Das führt zu einem letzten Aspekt: der Auslagerung von Kontrollmechanismen in andere, nichteuropäische Staaten, auch Externalisierung genannt. Das Muster ist dabei immer recht ähnlich. Grenzschutz- und Polizeibehörden von Drittstaaten erhalten Finanzmittel, technische Ausstattung, Fahrzeuge und Trainings von der EU und sollen im Gegenzug Migrant:innen schon in ihrem Land an der Weiterreise hindern. Wohin das führt, zeigt das Beispiel Libyen auf traurige Art und Weise. Wie sich dort die Lage für Migrant:innen gestaltet, ist mittlerweile gut durch Studien von Nichtregierungsorganisationen oder internationalen Organisationen wie dem UN Human Rights Council gezeigt worden: Willkürliche Verhaftungen, Menschenhandel, Folter, Morde und schwere sexualisierte Gewalt sind in großem Ausmaß nachgewiesene Realität. Damit unsere "Krise" etwas kleiner ausfällt, nehmen wir eine echte, tagtägliche humanitäre Krise sehenden Auges in Kauf.
Eine andere Perspektive
Beim Sprechen über Migration erscheint es mir wichtiger denn je, darauf zu achten, dass die Maßstäbe nicht verrutschen. Es ist klar, dass die plötzliche Aufnahme vieler Menschen, die die lokalen Gegebenheiten nicht kennen, herausfordernd sein kann.
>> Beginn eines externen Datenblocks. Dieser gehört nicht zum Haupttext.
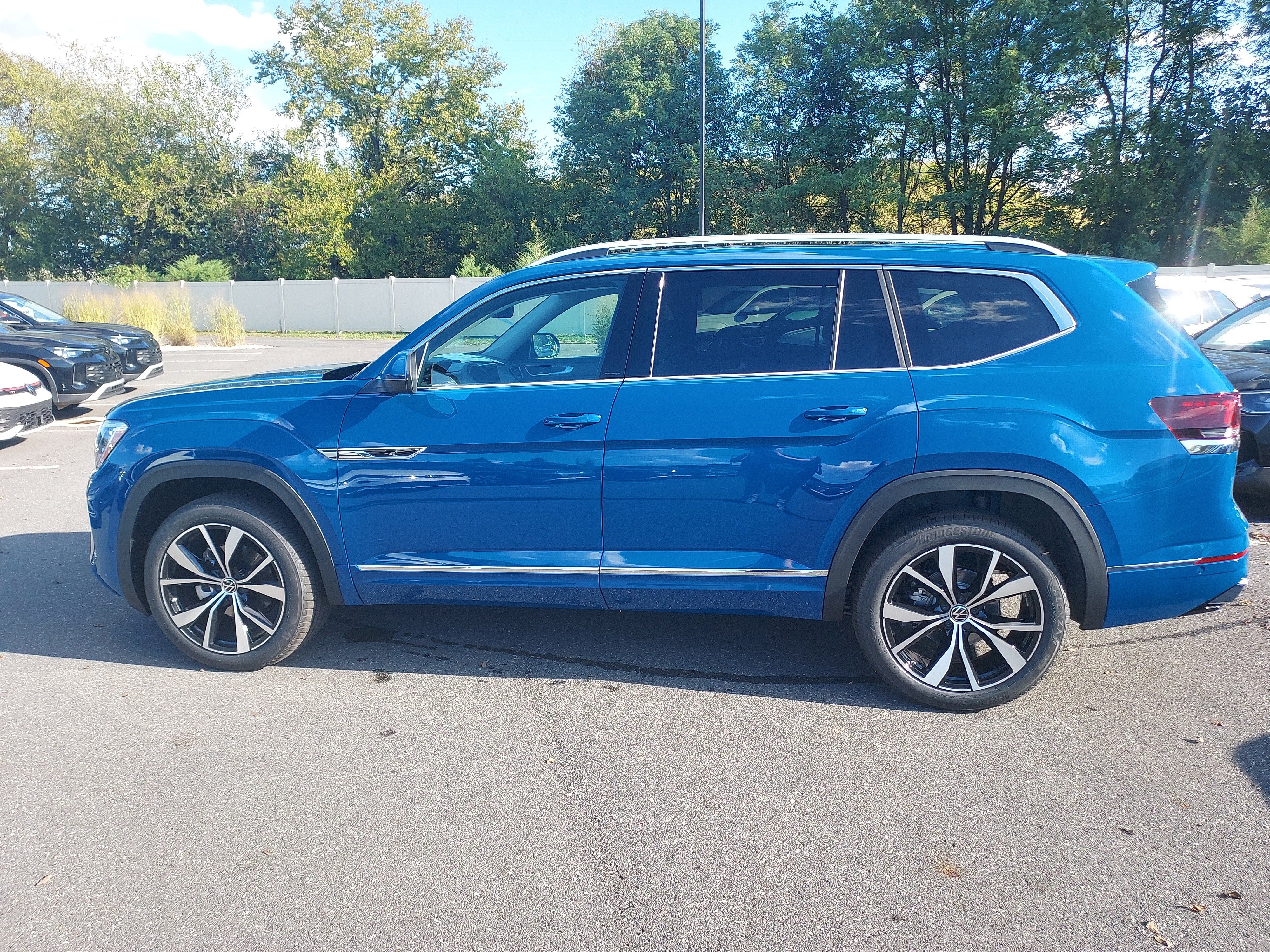 New 2026 Volkswagen Atlas SEL Premium R-Line image 8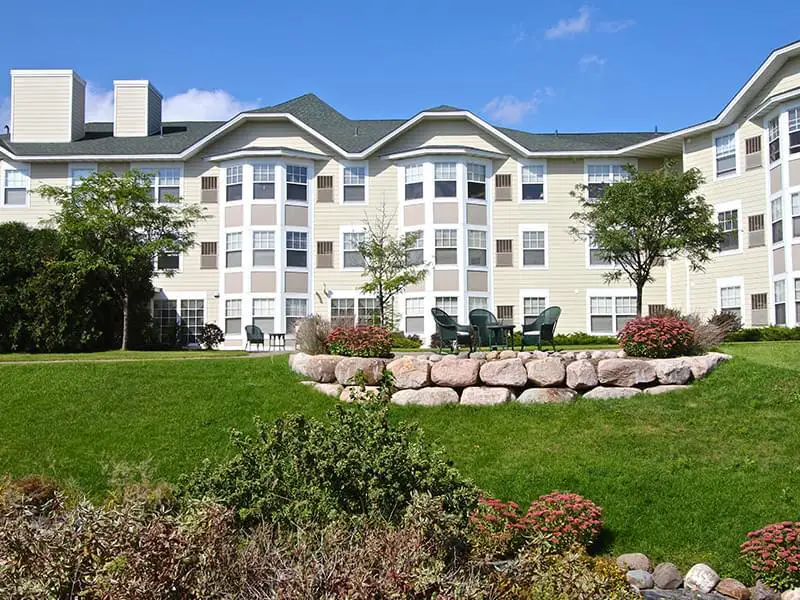 Photo of The Waterford, Assisted Living, Nursing Home, Independent Living, CCRC, Brooklyn Park, MN 11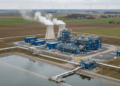 Lithium Altmark: Neptune Energy meldet weltweite Top-Ressource Eine Visualisierung zeigt eine mögliche Anlage zur Gewinnung von Lithium (DLE) in der Altmark, umgeben von landwirtschaftlichen Feldern und Windkraftanlagen. Diese Technologie soll Lithium aus tiefen Thermalwässern gewinnen.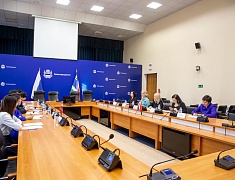 Делегация отдела агитации и пропаганды горкома и управления культуры Хэйхэ посетила Благовещенск в рамках культурного обмена между странами-соседями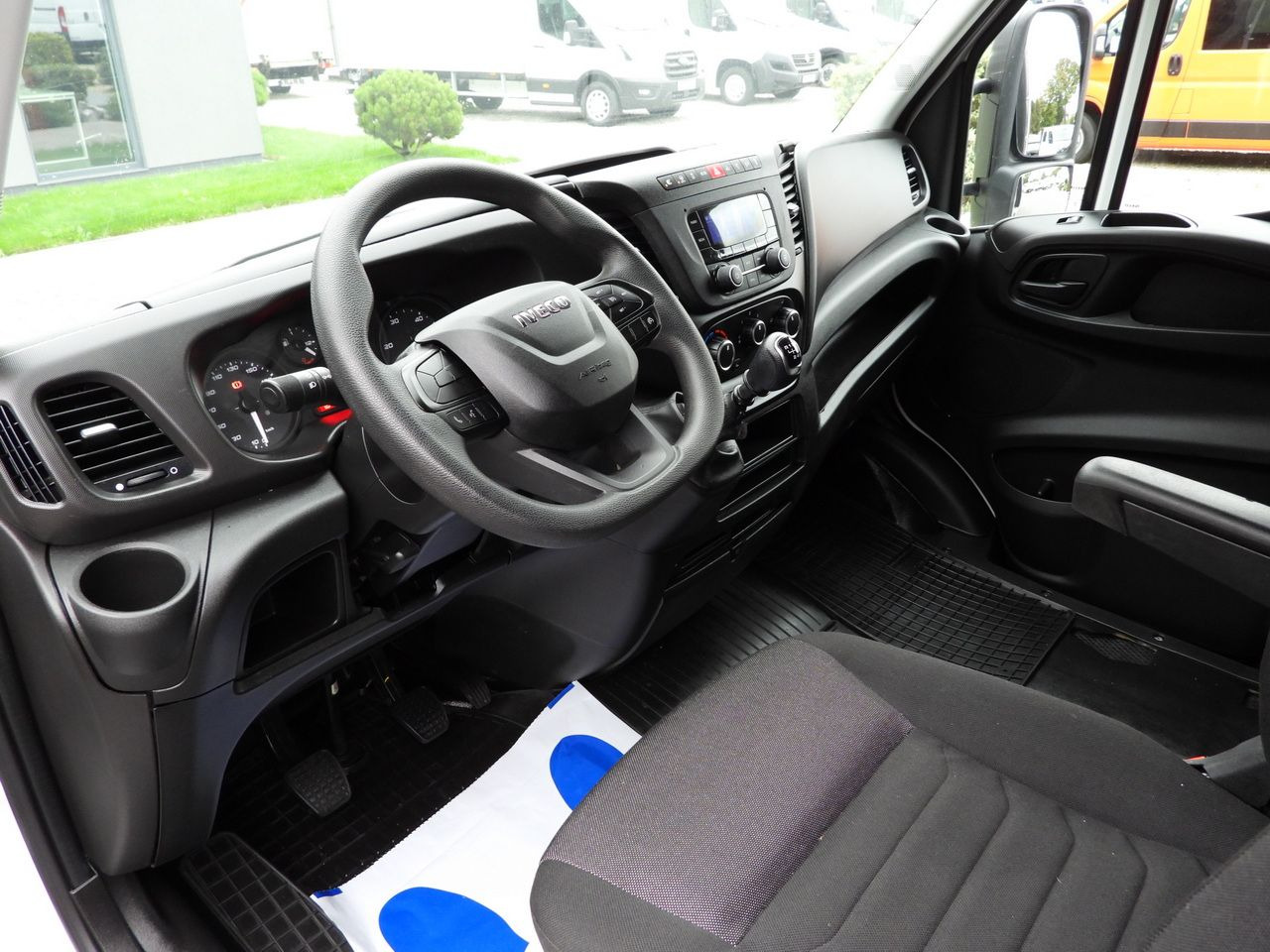 IVECO DAILY 35S18 TARPAULIN 10 PALLETS WEBASTO CRUISE CONTROL PNEUMATICS AIR CONDITIONING 180HP - Xe van thùng mui bạt: hình 2 IVECO DAILY 35S18 TARPAULIN 10 PALLETS WEBASTO CRUISE CONTROL PNEUMATICS AIR CONDITIONING 180HP - Xe van thùng mui bạt: hình 2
Zur Wahrheit gehört aber auch, dass versucht wird, aus dem Thema politisches Kapital zu schlagen, und das Problem in der Öffentlichkeit zugespitzt wird. Das Sprechen von einer "Migrationskrise" verdeckt zudem tatsächliche Lösungsstrategien, nämlich eine Stärkung der Aufnahme-Infrastruktur und Verwaltung sowie Möglichkeiten für geregelte Arbeitsmigration. Nicht zuletzt sollte auch nicht unterschlagen werden, dass Deutschland, aber auch die Europäische Union insgesamt aktuell eine Strategie verfolgen, die zwar sehr krisenbezogen ist, die wahren Krisen aber nur am Rande beachtet und bearbeitet. Ein Perspektivwechsel, der über den eigenen Tellerrand hinausgeht und sich den eigentlichen Krisen zuwendet, wäre ein wichtiger Schritt.